Sorting Commercial Pages from Informational Pages
Does sorting commercial pages from informational pages provide value to searchers?
That’s one of the notions behind Yahoo’s Mindset (no longer available), which allows searchers to use a slider bar (see image at left) to rerank search results based upon whether a site is more commercial or informational. Yahoo! Mindset was released in May of 2005, and uses machine learning for text classification to sort top results for a query.
I included the kind of reorganization of search results done by Mindset in my post on 20 Ways Search Engines May Rerank Search Results back in October, but I didn’t have a link then to a patent or paper that might describe some of the processes behind how it might work. Since then, I’ve come across some interesting criticism of the use of sliders from Greg Linden, and his comparison of Yahoo Mindset with Yahoo Personalized Search.
I’ve also seen a newly released patent application from Yahoo which discusses ways to sort commercial from informational page in search results:
Method and apparatus for categorizing and presenting documents of a distributed database
Invented by Daniel C. Fain, Paul T. Ryan, and Peter Savich
US Patent Application 20060265400
Published November 23, 2006
Filed: April 28, 2006
Described herein are methods for creating categorized documents, categorizing documents in a distributed database and categorizing Resulting Pages. Also described herein is an apparatus for searching a distributed database. The method for creating categorized documents generally comprises: initially assuming all documents are of type 1; filtering out all type 2 documents and placing them in a first category; filtering out all type 3 documents and placing them in a second category; and defining all remaining documents as type 4 documents and placing all type 4 documents in a third category. The apparatus for searching a distributed database generally comprises at least one memory device; a computing apparatus; an indexer; a transactional score generator; and a category assignor; a search server; and a user interface in communication with the search server.
The document describes a method of classifying pages which involves:
- - Determining whether or not a page is spam,
- - Creating a quality score for pages,
- - Providing a transactional score for pages,
- - Deriving a propagation matrix (authorities and hubs score), and;
- - Assigning a commercial score.
Determining Whether a Page is Spam
Determining a spam score may be accomplished by having a human assign a score, though that doesn’t lend itself well to classifying the large number of pages on the web. But a manual determination is possible.
Automated techniques are much more likely, and the document points to a couple of documents that describe more about automated processes:
- - A white paper by Alan Perkins entitled “The Classification of Search Engine Spam,” and;
- - A paper by Danny Sullivan entitled “Search Engine Spamming” from the 2002 Boston SES Conference which appears to be available to subscription members of Search Engine Watch.
Assigning a Quality Score
A quality score may be given to pages based upon such things as:
- - Quality of the content,
- - Reputation of the author or source of information,
- - Ease of use of page, and;
- - Other such criteria.
This score could be assigned manually, or determined automatically, with a default value given to pages not explicitly evaluated.

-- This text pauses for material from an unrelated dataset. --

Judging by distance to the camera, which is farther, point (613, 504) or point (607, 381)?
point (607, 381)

Creating a Transaction Score
This score would represent if or how strongly a page might lead to transactions, such as a sale, lease, rental or auction. Here are some examples from the patent application of the types of things that might be looked for:
- - A field for entering credit card information;
- - A field for a username and/or password for an online payment system such as PayPal.TM. or BidPay.TM.,
- - A telephone number identified for a “sales office,” a “sales representative,” “for more information call,” or any other transaction-oriented phrase;
- - A link or button with text such as “click here to purchase,” “One-Click.TM. purchase,” or similar phrase,
- - Text such as “your shopping cart contains” or “has been added to your cart,” and/or;
- - A tag such as a one-pixel GIF used for conversion tracking.

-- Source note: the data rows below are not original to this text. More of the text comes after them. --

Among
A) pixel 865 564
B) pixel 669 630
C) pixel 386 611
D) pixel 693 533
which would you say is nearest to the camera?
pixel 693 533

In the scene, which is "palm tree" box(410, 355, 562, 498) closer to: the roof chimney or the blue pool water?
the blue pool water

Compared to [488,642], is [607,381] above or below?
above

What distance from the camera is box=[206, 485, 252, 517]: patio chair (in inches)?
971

In addition to determining whether or not a page is transactional, a score for deciding how strongly transactional is provided.

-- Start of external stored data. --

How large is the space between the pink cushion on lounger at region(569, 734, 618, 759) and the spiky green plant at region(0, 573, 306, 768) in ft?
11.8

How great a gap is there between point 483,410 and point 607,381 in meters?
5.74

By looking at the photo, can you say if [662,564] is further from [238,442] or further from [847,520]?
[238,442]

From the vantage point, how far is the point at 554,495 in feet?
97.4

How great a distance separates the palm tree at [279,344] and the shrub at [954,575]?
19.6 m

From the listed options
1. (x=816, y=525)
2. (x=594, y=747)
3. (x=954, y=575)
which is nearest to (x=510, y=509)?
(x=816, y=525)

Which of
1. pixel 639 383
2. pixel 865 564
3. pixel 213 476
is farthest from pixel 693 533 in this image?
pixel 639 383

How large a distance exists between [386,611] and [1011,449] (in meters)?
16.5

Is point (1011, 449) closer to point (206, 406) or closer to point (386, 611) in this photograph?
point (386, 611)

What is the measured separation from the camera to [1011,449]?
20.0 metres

Deriving a Propagation Matrix
This involves a mix of creating an authority score and hub score for each page, and looking at user behavior on those pages.
Relative importance of each page is determined by looking at the number of links from each page to other pages, and the number of links from that page to other pages, to create an authority score and a hub score.
In general, a hub is a page with many outgoing links and an authority is a page with many incoming links. The hub and authority scores reflect how heavily a page serves as a reference or is referenced itself.
User behavior involved in creating this matrix includes looking at numbers of page views and calculating a “transition count” where the number of times a person views one page, and then goes to another page without visiting any other intervening pages is counted.
Calculating a Commercial Score
The patent application provides a fairly complex calculation for the commercial score, using the other factors mentioned above; the propagation matrix, the transaction rating, the spam score, and the quality score. Note that all pages are considered informational pages until they go through this process and are determined to be commercial or not.
Some Other Issues Discussed in the Patent Application
Glossing over quickly some of the other things discussed in the document about this process:
Further categorization may be done, and a person may choose before the search how much more categorization they would like to see.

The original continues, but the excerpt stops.